WHAT IS NEEDED: Starting at the line with "ΒΕΤΟ 23.1 ίντσες", set down each line of the entries below through the last one, exactly as it stands.
+++ MATERIAL SHOWN +++
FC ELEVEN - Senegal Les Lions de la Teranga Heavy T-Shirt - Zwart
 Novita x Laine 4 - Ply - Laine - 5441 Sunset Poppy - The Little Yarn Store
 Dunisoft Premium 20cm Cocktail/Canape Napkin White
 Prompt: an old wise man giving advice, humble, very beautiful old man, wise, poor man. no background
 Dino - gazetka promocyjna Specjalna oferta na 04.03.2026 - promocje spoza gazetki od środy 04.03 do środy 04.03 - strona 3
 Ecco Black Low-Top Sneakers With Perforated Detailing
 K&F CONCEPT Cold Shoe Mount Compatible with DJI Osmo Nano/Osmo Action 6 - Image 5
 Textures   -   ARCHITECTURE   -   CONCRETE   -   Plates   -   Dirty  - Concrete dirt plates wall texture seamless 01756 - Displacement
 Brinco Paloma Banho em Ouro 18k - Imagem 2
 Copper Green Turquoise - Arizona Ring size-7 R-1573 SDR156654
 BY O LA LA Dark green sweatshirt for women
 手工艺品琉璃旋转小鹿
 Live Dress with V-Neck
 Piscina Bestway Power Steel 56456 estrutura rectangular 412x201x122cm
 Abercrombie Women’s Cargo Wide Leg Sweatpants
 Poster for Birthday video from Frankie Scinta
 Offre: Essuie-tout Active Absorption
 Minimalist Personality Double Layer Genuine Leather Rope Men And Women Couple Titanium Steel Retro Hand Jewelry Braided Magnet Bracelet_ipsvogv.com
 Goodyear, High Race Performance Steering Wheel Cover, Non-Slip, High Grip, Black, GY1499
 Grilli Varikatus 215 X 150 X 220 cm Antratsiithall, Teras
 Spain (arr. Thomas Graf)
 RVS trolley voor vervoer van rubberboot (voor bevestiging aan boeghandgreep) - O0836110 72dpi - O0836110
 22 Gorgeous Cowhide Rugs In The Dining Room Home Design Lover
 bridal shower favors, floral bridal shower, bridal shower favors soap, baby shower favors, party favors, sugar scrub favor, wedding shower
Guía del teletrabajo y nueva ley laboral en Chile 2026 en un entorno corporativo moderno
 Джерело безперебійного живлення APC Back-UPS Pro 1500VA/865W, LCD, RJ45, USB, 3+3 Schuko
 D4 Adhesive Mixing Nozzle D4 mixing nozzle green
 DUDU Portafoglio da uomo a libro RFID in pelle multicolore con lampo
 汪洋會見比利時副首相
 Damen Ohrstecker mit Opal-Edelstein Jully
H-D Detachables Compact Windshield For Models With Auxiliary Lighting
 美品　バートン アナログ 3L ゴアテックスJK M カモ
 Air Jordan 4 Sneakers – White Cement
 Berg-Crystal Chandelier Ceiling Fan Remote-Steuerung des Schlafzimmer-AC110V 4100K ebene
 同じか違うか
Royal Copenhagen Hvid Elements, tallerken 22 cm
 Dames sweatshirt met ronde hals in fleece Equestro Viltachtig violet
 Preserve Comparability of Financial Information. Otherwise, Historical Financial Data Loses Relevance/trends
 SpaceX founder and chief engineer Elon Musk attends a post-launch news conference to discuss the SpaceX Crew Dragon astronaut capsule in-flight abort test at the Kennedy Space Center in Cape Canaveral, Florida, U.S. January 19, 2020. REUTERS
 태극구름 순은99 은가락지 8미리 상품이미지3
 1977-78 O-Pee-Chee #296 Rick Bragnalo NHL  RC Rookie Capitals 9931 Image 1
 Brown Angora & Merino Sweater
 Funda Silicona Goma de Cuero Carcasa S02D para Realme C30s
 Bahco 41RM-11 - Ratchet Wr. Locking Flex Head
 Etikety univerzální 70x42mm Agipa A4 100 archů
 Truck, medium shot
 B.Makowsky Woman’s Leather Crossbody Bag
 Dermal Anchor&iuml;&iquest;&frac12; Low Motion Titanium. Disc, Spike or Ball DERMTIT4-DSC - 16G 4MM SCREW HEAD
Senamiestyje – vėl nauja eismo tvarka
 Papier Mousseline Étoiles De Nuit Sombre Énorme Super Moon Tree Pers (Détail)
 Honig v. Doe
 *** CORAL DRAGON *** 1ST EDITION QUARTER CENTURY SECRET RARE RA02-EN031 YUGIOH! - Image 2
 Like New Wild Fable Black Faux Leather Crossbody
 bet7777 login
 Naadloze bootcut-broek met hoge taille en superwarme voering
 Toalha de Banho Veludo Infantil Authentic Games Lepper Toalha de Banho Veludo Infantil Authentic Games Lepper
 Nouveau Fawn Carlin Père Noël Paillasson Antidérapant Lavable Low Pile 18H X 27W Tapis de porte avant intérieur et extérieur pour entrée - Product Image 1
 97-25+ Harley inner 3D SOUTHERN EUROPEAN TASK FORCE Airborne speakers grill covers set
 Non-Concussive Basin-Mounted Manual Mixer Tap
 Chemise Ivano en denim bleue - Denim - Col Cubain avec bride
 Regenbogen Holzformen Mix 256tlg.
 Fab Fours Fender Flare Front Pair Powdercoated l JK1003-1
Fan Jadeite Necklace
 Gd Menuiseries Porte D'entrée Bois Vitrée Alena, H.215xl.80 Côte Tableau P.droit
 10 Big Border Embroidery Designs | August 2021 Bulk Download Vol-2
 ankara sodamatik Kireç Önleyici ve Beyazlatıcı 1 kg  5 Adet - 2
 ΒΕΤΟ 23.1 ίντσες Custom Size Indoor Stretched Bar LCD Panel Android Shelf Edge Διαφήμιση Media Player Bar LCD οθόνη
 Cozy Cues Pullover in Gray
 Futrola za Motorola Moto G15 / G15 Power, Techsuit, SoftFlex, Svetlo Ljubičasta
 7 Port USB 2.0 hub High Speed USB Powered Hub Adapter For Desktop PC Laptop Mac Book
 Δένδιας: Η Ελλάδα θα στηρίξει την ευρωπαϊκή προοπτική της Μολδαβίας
+++
PROBLEM SOLUTION:
 ΒΕΤΟ 23.1 ίντσες Custom Size Indoor Stretched Bar LCD Panel Android Shelf Edge Διαφήμιση Media Player Bar LCD οθόνη
 Cozy Cues Pullover in Gray
 Futrola za Motorola Moto G15 / G15 Power, Techsuit, SoftFlex, Svetlo Ljubičasta
 7 Port USB 2.0 hub High Speed USB Powered Hub Adapter For Desktop PC Laptop Mac Book
 Δένδιας: Η Ελλάδα θα στηρίξει την ευρωπαϊκή προοπτική της Μολδαβίας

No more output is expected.